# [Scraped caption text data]
Segment Open

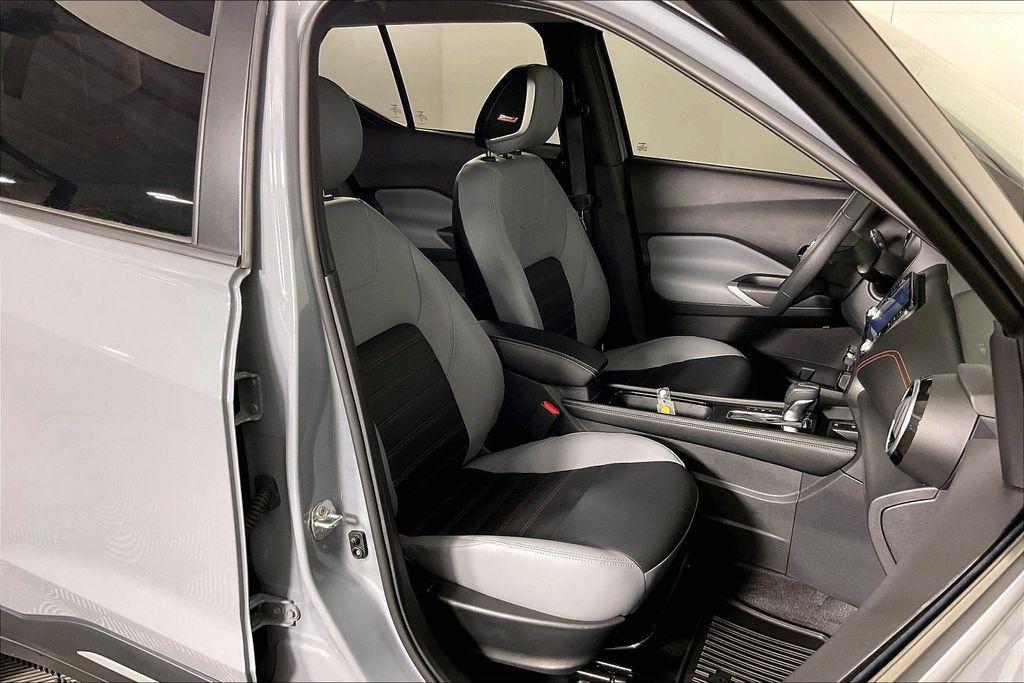 used 2024 Nissan Kicks car, priced at $18,998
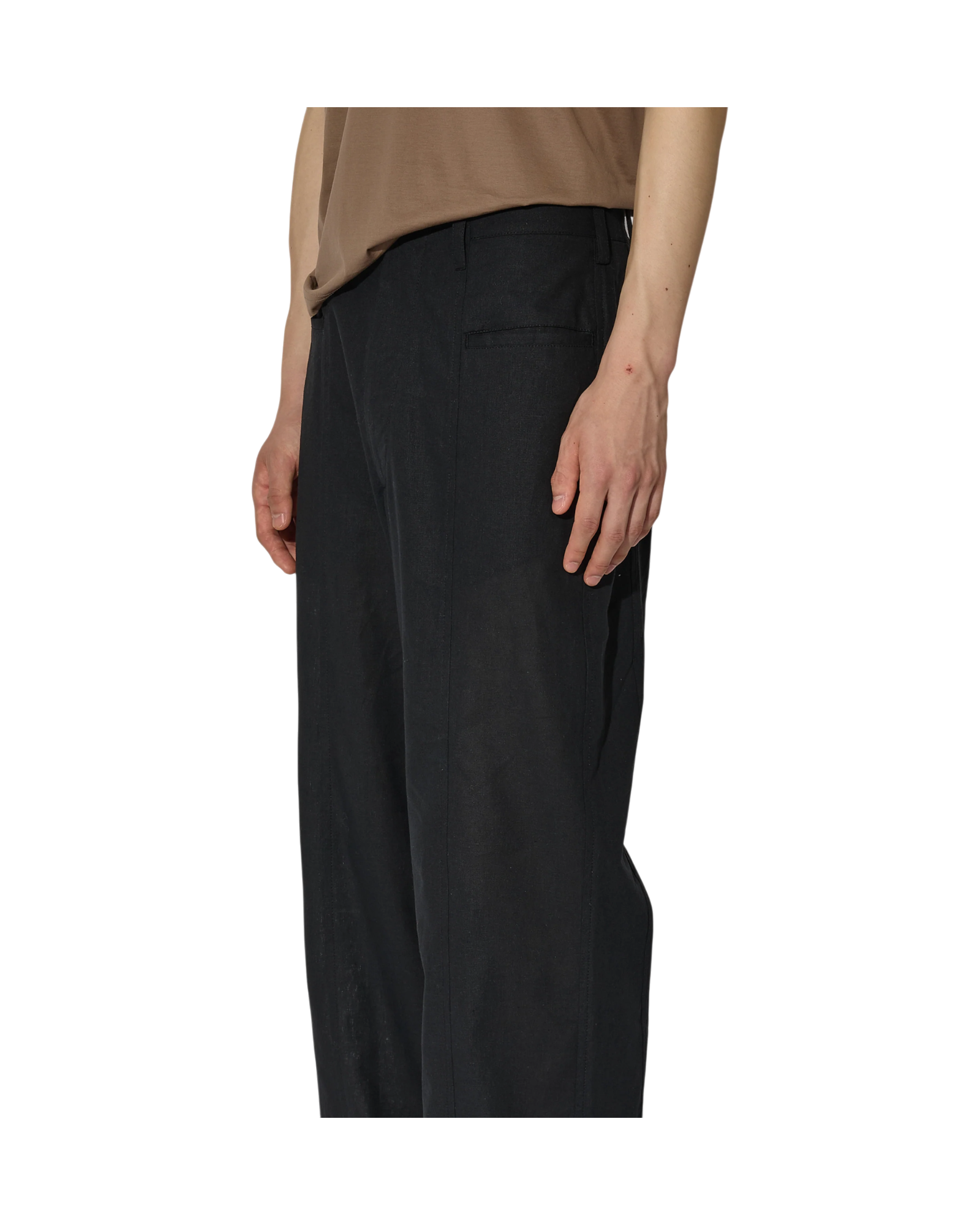J.L-A.L Hans Trousers Black
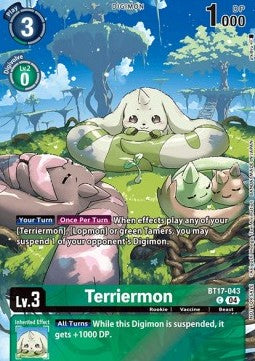 Terriermon (BT17-043)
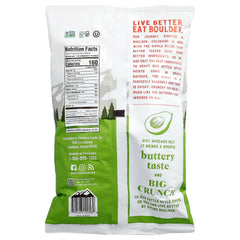 Boulder Canyon, Avocado Oil Kettle Style Potato Chips, Classic Sea Salt, 5.25 oz (148.8 g)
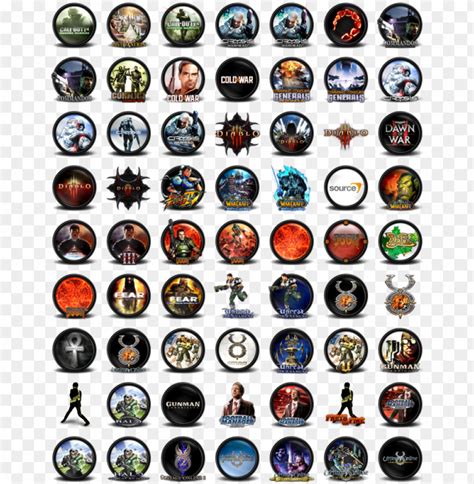 Games Icon Pack By Madrapper On Deviantart Free Game Icon Pack Png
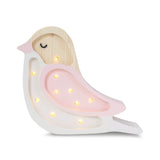 Little Lights Mini Lamp Vogel - Strawberry Cream image 1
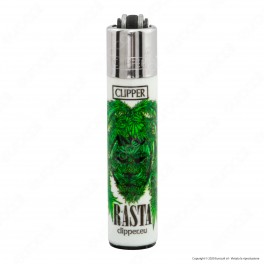 Clipper Micro Fantasia Weed Silhouettes - Box da 48 Accendini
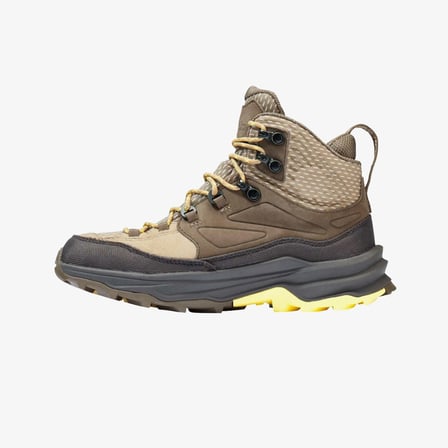Jack Wolfskin Cyrox Texapore Mid Kadın Kahverengi Bot
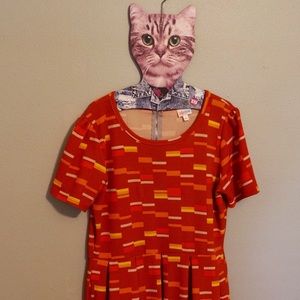 XL Lularoe Amelia Dress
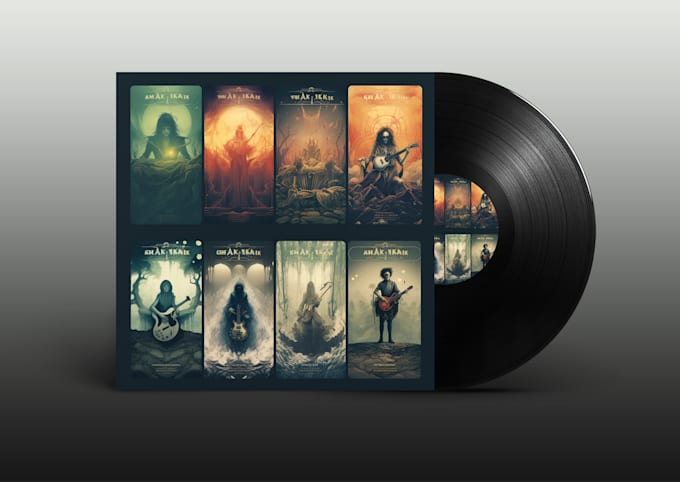 Professionally design your album cover art or music artwork by Pro ...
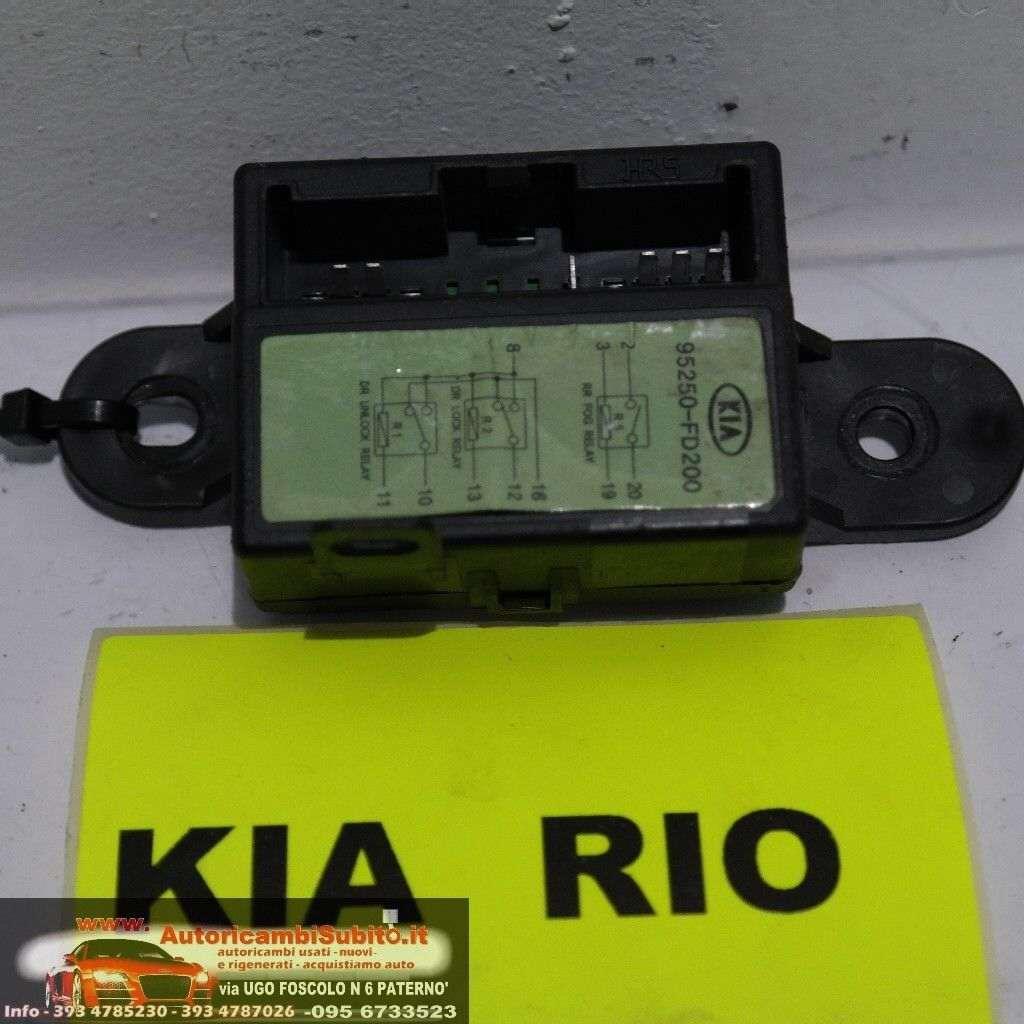 Kia rio dal 2000 al 2006 95250-fd200 centralina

Segment Closed

# [ACTION ITEM]
Each line from the one that contains "Games Icon Pack" through the end of the records should be restated exactly; include both end lines and leave any pictures out.

# [ANSWER]
 Games Icon Pack By Madrapper On Deviantart Free Game Icon Pack Png
 Little Lights Mini Lamp Vogel - Strawberry Cream image 1
 Clipper Micro Fantasia Weed Silhouettes - Box da 48 Accendini
Jack Wolfskin Cyrox Texapore Mid Kadın Kahverengi Bot
 XL Lularoe Amelia Dress
 Professionally design your album cover art or music artwork by Pro ...
 Kia rio dal 2000 al 2006 95250-fd200 centralina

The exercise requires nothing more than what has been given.